Histograms with SQL

Copy / paste and run these code snippets to do your own exploratory data analysis with SQL.

Histograms with SQL

A data visualization is way better than a words to explain how a product is used, what's an edge case, and where there might be opportunity for impact. In this post I'll show you how to create histograms in SQL.

Let's start with an example using the 2022 NYC Taxi Fares dataset.

Quantiles

APPROX_QUANTILES is the quickest way to visualize a distribution in BigQuery.

SELECT APPROX_QUANTILES(total_amount, 9)
FROM `bigquery-public-data.new_york_taxi_trips.tlc_yellow_trips_2022`

With the code above we create 9 boundaries defined by a range of taxi fares (total_amount) to contain 10 bins (aka buckets) where each bin has the same number of rides.

Because our dataset includes about 36 million rides, we know each bin includes about 3.6 million rides. So there were about 3.6 million rides that cost less than $9.96 and there were about 3.6 million rides that cost between $9.96 and $11.76, and so on.

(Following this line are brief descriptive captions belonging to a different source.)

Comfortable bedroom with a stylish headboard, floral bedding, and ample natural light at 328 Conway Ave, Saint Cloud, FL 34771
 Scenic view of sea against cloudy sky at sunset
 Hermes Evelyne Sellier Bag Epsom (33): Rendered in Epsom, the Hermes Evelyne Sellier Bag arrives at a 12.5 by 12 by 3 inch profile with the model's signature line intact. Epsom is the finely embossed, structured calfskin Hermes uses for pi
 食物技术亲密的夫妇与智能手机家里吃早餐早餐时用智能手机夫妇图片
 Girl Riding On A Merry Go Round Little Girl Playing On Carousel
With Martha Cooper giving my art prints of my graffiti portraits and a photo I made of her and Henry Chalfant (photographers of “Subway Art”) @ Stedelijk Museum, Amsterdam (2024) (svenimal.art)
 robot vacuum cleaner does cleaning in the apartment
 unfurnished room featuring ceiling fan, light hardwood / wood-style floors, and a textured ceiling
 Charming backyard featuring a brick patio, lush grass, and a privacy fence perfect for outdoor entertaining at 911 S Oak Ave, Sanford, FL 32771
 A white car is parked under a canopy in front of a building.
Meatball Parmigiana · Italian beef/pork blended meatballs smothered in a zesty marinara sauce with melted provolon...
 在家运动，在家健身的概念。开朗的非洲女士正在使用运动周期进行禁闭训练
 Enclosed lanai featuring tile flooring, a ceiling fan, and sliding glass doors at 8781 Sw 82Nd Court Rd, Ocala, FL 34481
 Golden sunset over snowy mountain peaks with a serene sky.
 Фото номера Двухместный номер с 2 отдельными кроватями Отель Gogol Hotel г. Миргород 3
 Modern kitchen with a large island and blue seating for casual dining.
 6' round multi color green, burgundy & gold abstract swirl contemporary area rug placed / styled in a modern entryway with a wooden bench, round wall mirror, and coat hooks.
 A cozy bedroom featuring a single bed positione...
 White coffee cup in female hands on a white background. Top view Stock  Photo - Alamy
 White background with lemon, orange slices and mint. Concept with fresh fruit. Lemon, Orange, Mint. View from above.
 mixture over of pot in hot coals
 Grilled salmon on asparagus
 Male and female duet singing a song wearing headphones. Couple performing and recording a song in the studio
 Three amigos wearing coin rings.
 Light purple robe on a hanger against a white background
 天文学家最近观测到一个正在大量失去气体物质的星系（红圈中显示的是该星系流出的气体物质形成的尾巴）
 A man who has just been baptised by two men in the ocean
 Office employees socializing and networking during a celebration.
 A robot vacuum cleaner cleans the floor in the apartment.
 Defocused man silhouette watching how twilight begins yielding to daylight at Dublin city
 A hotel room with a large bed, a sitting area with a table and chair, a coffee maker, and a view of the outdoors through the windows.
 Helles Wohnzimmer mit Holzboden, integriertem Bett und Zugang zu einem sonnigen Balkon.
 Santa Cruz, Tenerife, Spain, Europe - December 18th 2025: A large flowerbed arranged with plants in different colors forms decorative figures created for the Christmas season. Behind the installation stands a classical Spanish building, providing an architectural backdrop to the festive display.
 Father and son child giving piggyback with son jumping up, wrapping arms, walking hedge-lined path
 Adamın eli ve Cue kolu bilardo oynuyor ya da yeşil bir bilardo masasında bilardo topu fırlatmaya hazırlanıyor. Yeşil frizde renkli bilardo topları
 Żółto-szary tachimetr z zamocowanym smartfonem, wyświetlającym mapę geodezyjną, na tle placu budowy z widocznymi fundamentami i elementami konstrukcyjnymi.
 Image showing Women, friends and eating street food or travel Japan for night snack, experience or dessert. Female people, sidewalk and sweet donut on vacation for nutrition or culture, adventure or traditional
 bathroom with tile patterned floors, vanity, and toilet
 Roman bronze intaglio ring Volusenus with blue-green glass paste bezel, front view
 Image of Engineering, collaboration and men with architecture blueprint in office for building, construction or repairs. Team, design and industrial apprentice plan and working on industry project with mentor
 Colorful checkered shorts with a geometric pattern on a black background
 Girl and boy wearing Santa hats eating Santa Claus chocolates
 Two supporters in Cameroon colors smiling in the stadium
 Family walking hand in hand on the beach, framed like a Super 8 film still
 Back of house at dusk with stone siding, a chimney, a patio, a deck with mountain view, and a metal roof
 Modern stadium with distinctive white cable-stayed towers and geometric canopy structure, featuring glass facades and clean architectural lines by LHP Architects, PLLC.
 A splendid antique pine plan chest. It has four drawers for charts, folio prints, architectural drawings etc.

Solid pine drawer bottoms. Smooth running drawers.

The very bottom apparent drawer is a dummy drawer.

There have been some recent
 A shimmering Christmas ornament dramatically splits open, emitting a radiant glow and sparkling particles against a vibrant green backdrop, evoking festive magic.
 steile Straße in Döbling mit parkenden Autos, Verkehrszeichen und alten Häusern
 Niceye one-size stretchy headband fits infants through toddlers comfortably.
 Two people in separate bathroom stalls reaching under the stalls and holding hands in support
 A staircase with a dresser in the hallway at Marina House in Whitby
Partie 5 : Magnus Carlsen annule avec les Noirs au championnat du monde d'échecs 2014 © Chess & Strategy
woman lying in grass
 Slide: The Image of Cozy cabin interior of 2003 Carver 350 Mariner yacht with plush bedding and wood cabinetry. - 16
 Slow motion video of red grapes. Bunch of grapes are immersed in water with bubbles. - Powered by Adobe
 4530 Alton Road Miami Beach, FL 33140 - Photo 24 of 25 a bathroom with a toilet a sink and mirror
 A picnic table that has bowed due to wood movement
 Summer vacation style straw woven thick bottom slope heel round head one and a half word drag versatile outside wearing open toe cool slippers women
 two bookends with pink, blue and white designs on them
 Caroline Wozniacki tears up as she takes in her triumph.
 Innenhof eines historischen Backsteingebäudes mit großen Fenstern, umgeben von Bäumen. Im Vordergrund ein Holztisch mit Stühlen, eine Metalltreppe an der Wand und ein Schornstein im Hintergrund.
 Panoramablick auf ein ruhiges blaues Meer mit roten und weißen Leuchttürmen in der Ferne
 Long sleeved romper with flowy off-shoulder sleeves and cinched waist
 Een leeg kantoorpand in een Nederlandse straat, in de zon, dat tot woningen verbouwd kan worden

Looking at this distribution, we can make an educated guess that the median ride fare is about $15-16 – there are an equal number of rides on each side of this price point.

Median in SQL

In BigQuery we need to use PERCENTILE_CONT() or PERCENTILE_DISC() to calculate median. (Snowflake has its own Median function.)

SELECT PERCENTILE_CONT(total_amount, 0.5) OVER() median
FROM `bigquery-public-data.new_york_taxi_trips.tlc_yellow_trips_2022`
LIMIT 1

With the code above we confirm that the median price for a ride in 2022 was $15.95.

Now we have a rough idea about the shape of this dataset. We can talk about a "typical" ride. And we see there are some outliers at the edges. But the big picture is still fuzzy. Let's use SQL to get even more articulate about what this dataset looks like.

A Histogram Query

Here it is, a histogram in table form. Scroll to see the code.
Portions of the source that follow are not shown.